In the game of Carcassonne, you and your friends will build a French countryside one piece of cardboard at a time. There are, more importantly, wooden Meeples that you can make dance in between turns, and also perhaps make do disgusting things. Whatever you are into.

This is primarily a game of strategy if I had to label it. You are essentially jockeying for position with your Meeples to gain points while placing tiles in ways that will (hopefully) aid you more than your opponnents. The game plays 2-5, although I would recommend 3-5. I would say to plan for an hour to and hour and a half to play, depending on how well versed your group is playing this game. It could be less.

In the box, you will find 72 cardboard land tiles, 40 wooden Meeples in 5 different flavors, a cardboard scoring track and a rulebook and summary sheet.

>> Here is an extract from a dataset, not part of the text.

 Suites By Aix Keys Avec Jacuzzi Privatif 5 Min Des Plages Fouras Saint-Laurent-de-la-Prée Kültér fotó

The overall gameplay is pretty simple. To begin, everyone takes all of the Meeples of their chosen color and the starting tile, which can be identified by its different back, is placed in the middle of the table. The remaining tiles are put face-down where everyone can reach them. The first player will take a tile, look at it, and choose where to place it.

Each of the tiles will have various attributes that will create the map you are playing on. There are roads, cities, fields and cloisters depicted. There are simple rules regarding placement. Roads must connect to another road. City tiles must connect to another appropriate city tile. You cannot put the innards of a city, for instance, right up against a road.

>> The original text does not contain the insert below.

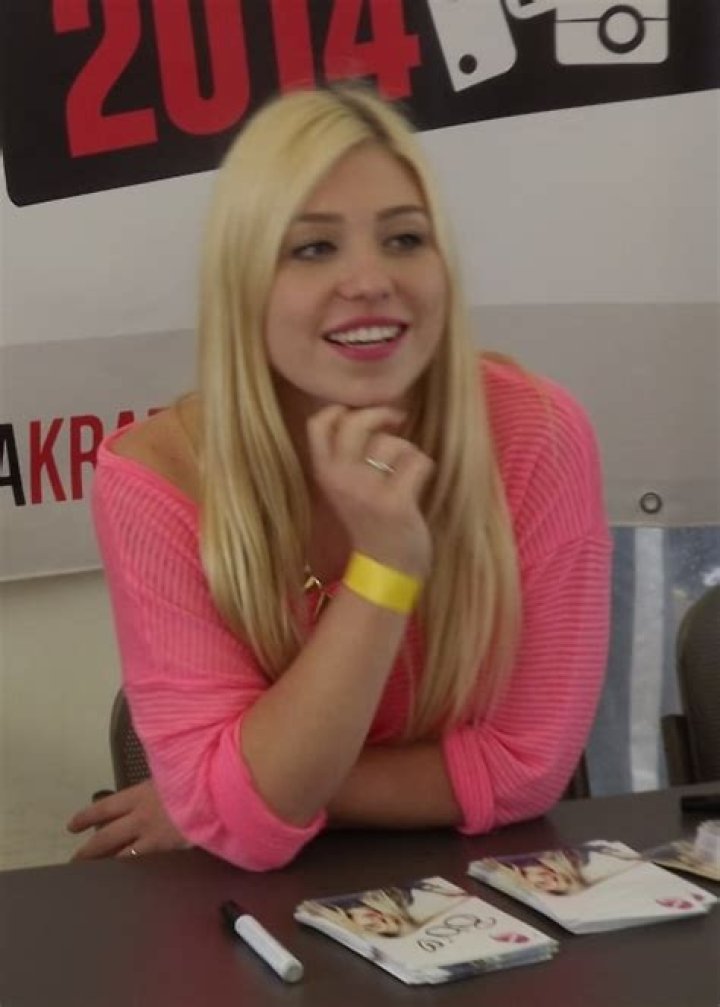 Bianca Heinicke Height, Weight, Age, Body Statistics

Playing the tiles themselves is not the ultimate goal. You will be placing your Meeples strategically upon tiles to gain points. Depending upon where they are placed, they will fulfill certain roles;
either Knight, Farmer, Monk or worthless dirty Thief.

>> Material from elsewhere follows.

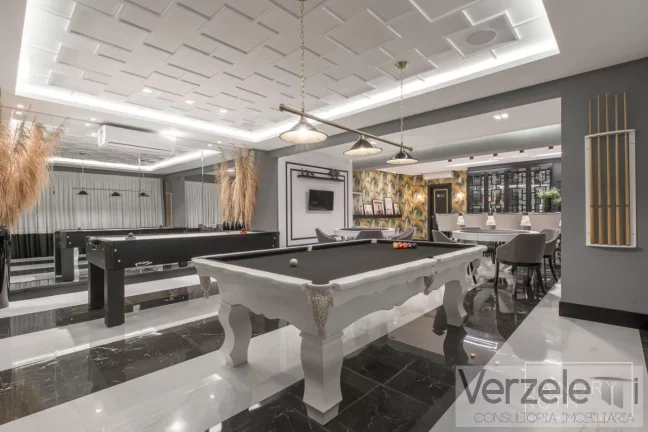 Imagem Apartamento 4 ou + dormitórios para Venda em Itapema / SC no bairro Meia Praia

Here is how it works. Starting with the politician… I mean Thief. You declare it a Thief simply by placing it on a road segment. The Thief will remain on this segment until the road comes to a termination point on both ends. Once that happens, you remove the Meeple and gain one point for every tile that makes up that completed road segment.

For the Knight, you will place one of your Meeples into a city tile. Once that city is complete, by placing tiles that create a continuous city wall, the player with the most Meeples in that city will get two points for every tile that makes up that city.

To create a Monk, you place your Meeple upon a cloister. Once that cloister tile is surrounded on all sides, including corners, you take back your Meeple and score 9 points.

With the previous three types, once they score you get them back. The Farmer works differently. They will stay on the board until the end of the game. A farm is a continuous field, and a Farmer is a Meeple laid on its side is said field. At the end of the game, the player who deploys the most farmers is the same field scores three points for every completed city that farm supplies, or touches.

In addition to this, partial cities, cloisters and roads get points at the end of the game. Although a player cannot put a Meeple on a city or road occupied by another player’s Meeple, it is possible to have two players place Meeples on segments that were not originally connected in any way but end up being so. The player with the most Meeples gets the points, but a tie scores for both.

There are about 15,000 expansions for this game, adding all sorts of new tiles and rules. I find this to be a light, friendly game to play, and is a good way to introduce players to the world of board games along with Settlers of Catan and Small World. This is a good way to do it when you want to avoid any type of cut-throat gaming. While everyone is trying to score points, beyond placing a tile to benefit you and not your neighbor, there are not a whole lot of ways to stick it to your buddy.

Its nice and its light. It doesn’t always fit the bill when it is gametime depending on what everyone is looking for, but it won’t be likely to start a fight either. The only real negative I see is there isn’t a whole lot here, but it beats the heck out of Candy Land. You should be able to find a copy pretty cheap, so there is no reason for a gamer not to have a copy in the closet.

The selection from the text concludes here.